Task details — Using only the records, tally the lines with "Pendant" in them and state that total by itself.

Data provided —
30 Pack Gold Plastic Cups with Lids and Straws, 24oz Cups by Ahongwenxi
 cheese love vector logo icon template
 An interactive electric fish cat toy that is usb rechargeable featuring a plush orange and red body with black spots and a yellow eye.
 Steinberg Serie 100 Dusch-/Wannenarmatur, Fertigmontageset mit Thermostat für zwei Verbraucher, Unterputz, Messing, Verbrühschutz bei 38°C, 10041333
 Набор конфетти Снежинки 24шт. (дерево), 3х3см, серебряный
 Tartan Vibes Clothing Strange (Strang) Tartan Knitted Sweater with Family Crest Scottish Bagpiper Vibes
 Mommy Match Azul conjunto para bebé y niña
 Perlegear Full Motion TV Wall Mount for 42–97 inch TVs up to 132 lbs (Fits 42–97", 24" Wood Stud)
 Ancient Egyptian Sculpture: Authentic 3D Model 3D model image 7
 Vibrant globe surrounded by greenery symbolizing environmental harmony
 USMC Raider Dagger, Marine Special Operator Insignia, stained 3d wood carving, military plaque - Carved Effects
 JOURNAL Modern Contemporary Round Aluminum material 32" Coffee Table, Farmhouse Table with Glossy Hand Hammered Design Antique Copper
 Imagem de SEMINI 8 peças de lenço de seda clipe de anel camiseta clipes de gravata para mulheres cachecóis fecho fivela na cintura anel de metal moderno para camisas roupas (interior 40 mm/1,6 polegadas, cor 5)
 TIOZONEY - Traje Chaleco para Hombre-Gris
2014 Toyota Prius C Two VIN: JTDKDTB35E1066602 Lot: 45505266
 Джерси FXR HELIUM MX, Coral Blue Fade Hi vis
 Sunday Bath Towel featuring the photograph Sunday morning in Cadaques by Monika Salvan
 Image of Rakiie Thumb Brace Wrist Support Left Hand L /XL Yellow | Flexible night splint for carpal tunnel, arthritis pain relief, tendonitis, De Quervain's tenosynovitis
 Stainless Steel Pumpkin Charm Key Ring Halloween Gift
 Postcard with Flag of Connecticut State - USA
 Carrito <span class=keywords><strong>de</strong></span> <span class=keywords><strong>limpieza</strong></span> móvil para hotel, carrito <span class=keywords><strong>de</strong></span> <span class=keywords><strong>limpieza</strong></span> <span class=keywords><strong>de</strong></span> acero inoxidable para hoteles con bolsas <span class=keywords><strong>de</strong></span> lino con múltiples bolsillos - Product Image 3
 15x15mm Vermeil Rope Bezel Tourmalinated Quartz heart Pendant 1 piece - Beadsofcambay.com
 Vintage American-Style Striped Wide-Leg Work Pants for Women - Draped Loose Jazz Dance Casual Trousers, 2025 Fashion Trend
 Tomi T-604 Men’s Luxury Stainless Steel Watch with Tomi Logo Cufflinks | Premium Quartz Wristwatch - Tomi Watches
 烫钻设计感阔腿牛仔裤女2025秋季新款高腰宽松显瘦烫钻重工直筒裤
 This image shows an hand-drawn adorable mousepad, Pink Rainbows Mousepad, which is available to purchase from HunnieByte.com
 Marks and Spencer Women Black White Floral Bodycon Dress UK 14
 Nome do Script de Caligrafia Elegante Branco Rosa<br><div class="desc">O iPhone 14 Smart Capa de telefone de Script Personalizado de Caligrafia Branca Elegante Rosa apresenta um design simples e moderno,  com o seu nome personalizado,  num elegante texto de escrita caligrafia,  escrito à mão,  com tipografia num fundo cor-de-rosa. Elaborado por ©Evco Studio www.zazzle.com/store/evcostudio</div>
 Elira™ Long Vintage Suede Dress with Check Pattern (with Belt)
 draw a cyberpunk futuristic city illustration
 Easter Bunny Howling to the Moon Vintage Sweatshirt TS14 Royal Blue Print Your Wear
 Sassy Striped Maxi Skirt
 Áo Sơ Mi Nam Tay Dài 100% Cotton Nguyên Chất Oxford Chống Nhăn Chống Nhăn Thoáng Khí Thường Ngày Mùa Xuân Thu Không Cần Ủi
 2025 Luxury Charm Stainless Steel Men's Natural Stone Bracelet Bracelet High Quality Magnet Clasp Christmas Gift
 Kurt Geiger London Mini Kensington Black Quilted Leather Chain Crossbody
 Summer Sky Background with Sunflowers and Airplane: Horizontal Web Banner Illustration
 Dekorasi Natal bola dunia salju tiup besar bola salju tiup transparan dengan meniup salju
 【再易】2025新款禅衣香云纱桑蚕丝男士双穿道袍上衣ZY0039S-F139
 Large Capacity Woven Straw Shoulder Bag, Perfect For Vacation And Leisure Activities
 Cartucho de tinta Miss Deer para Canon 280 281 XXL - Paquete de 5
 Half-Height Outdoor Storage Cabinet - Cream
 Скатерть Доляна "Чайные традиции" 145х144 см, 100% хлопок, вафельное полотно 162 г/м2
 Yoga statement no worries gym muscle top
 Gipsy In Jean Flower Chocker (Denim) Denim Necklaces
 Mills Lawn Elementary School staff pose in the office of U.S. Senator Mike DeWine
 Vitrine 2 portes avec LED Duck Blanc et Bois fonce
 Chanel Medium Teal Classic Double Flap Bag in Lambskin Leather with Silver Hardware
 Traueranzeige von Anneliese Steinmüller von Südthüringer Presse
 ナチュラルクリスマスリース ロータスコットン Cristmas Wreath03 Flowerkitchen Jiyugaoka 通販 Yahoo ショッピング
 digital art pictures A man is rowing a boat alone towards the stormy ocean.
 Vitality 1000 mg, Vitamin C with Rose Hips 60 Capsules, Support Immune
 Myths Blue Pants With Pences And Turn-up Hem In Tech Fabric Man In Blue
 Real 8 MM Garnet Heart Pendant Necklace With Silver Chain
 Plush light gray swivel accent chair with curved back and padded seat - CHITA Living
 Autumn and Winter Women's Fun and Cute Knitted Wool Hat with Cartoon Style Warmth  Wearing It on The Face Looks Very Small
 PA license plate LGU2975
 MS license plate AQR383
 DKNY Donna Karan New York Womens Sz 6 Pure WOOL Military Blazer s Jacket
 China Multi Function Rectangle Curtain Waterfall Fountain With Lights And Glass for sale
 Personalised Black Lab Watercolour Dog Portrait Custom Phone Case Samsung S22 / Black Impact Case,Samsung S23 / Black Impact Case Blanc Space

Task output — 2